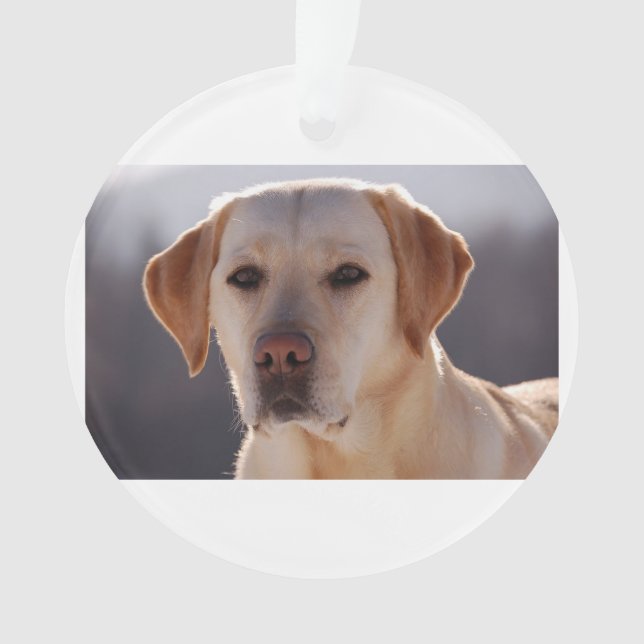 yellow labrador retriever ornament (Front)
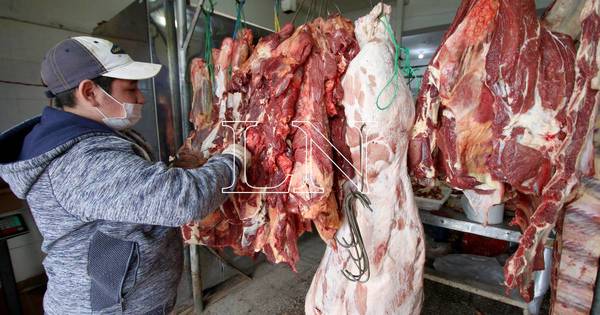 La Nación / Varios factores ocasionaron suba de la carne: “Se armó una tormenta perfecta”, afirman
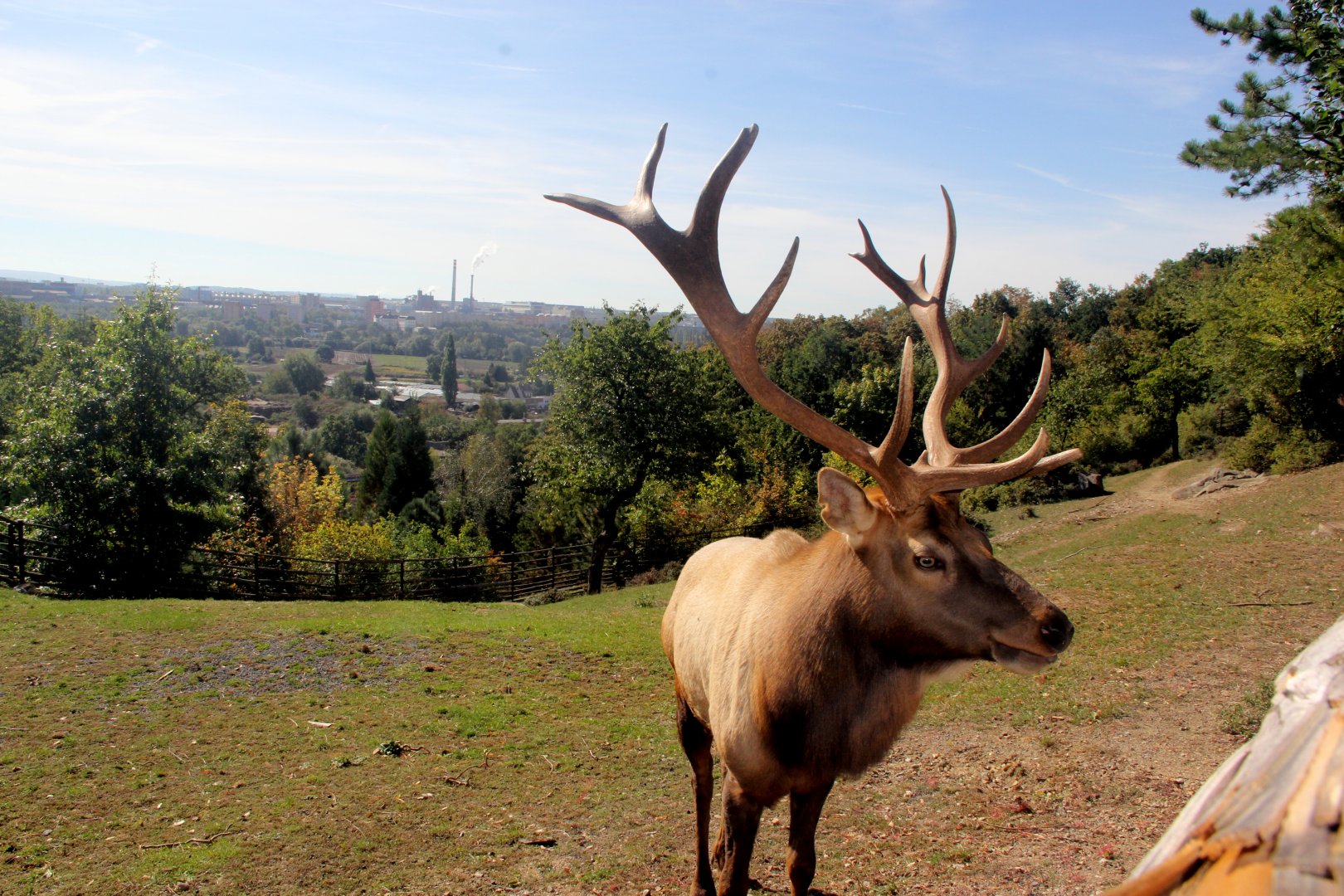 Tule elk or Dwarf wapiti (Cervus canadensis nannodes)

**WORK REQUEST**
An exact repetition of the listing is needed, with the pictures dropped.

**ANSWER FOR THIS EXERCISE**
 yellow labrador retriever ornament (Front)
 La Nación / Varios factores ocasionaron suba de la carne: “Se armó una tormenta perfecta”, afirman
 Tule elk or Dwarf wapiti (Cervus canadensis nannodes)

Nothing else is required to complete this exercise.